OCR Task
OCR Task
OCR Overview
OCR (Optical Character Recognition) is the electronic conversion of images of typed, handwritten or printed text into machine-encoded text, whether from a scanned document, a photo of a document or from subtitle text superimposed on an image (for example, from a television broadcast).
OCR of input documents is a separate step of the development process - usually, this is the conversion from PDF into Text documents. The input quality of original documents influences a lot of the output of this process.
EasyRPA uses Tesseract OCR, which is integrated into separate task and proposes an OOTB (out-of-the-box) solution: there is no necessity to write or maintain any custom code.
OCR Task Usage
Now, let us give you a few steps necessary to implement this approach.
Define OcrTaskData as output in your Task class:
@Output(OcrTask.OCR_TASK_DATA_KEY) private OcrTaskData ocrTaskData;
OcrTask.OCR_TASK_DATA_KEY - input/output data key. OcrTask uses this key to get input data for OCR.
Prepare OCR configuration providing S3 bucket name, Tesseract options and Image Magick options:
Map configuration = new HashMap<String, Object>(); configuration.put("bucket", "data"); configuration.put("ocrImageType", "png"); configuration.put("tesseractOptions", Arrays.asList("-l", "eng","--psm","3","--oem","3","--dpi", "800")); configuration.put("imageMagickOptions", Arrays.asList("-resample", "450", "-density", "350", "-quality", "100", "-background" , "white" , "-alpha" , "flatten")); configuration.put("hocrFixWords", Map.of("S(?=[0-9]+)", "\\$")); configuration.put("imagePostprocessScriptsBucket", "data/ap/scripts"); configuration.put("imagePostprocessScripts", Map.of( "textcleaner", Arrays.asList("-g", "-e", "stretch", "-f", "25", "-o", "20", "-t", "30", "-u", "-s", "1", "-T", "-p", "20")));
documents_bucket - the S3 bucket name which OCR will use to save results.
tesseractOptions - Tesseract command line options. "-l" and "eng" means language = eng etc. Please see the external documentation Tesseract Command Line Usage.
imageMagickOptions - OcrTask uses ImageMagick tool to split pdf by pages and print as images. You can provide a command line options to change some command line arguments. Please follow the ImageMagick Command Line documentation.
hocrFixWords - HocrPostProcessor uses this config to fix OCR mistakes. Postprocessor accepts regular expression and replaces all matches by value. Pay attention that dollar sign and backslash( ) should be escaped in value string.imagePostprocessScripts - optional image post-processing scripts. If specified will be run against image magic split results. Optional imagePostprocessScriptsBucket parameter allows providing scripts from and AP managed S3 bucket.
ocrImageType - optional image type to be used in the ImageMagick and postprocessing pipeline. By default it is 'jpg'. Note: only 'jpg' and 'png' types are supported OOTB, formats like 'tiff' would require extra setup of the browser for the Human Task view to display it correctly.

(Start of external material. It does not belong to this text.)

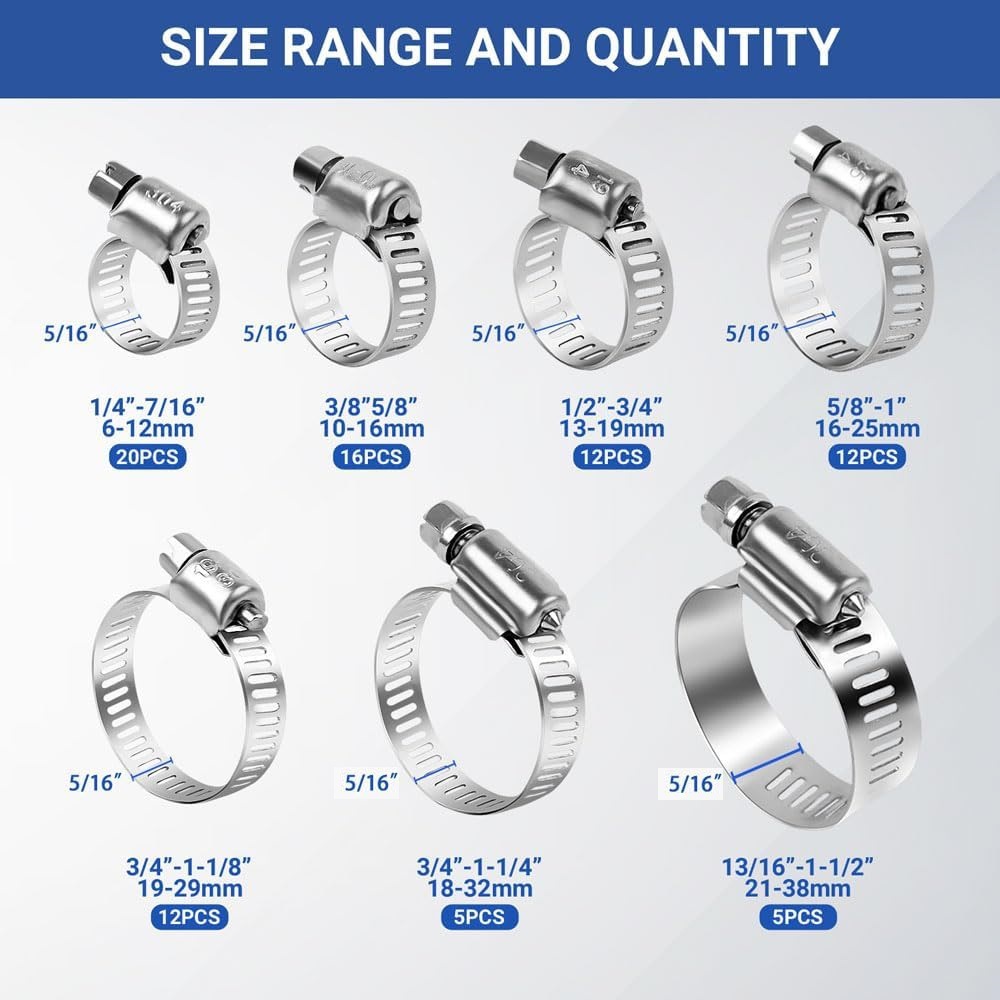 82個入りホースクランプ詰め合わせセット ステンレス鋼製ウォ - Hose Clamp Assorted のレビューと価格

To initialize OcrTaskData you need to pass the S3 path to the particular document, add formats which will be used for getting OCR results and provide OCR configuration:
this.ocrTaskData = new OcrTaskData(); ocrTaskData.setDocumentLocation("ie_demo_invoice/invoice101.pdf"); ocrTaskData.getFormats().addAll(Arrays.asList(OcrFormats.TEXT, OcrFormats.HOCR, OcrFormats.JSON, OcrFormats.IMAGE)); ocrTaskData.setConfiguration(configuration);
document location - the document path on S3 Storage.
OcrFormats - the list of OCR formats which OCR Task is currently supported.
configuration - the configuration map which you must set from the 2nd item.Call OcrTask:
TaskOutput ocrInput = execute(getInput(), PrepareOcrTask.class).get(); TaskOutput ocrOutput = execute(ocrInput, OcrTask.class).get();
To get OCR use following example:
@ApTaskEntry(name = "Store OCR Result") @Slf4j @InputToOutput public class StoreOcrResult extends ApTask { @Input(OcrTask.OCR_TASK_DATA_KEY) private OcrTaskData ocrTaskData; @Override public void execute() { log.info("Received response OCR Task {} ", ocrTaskData.getTaskUuid()); List<OcrResult> ocrResults = this.ocrTaskData.getOcrResults(); //... } }
OcrTask.OCR_TASK_DATA_KEY - input/output data key. OcrTask uses this key to get input data for OCR.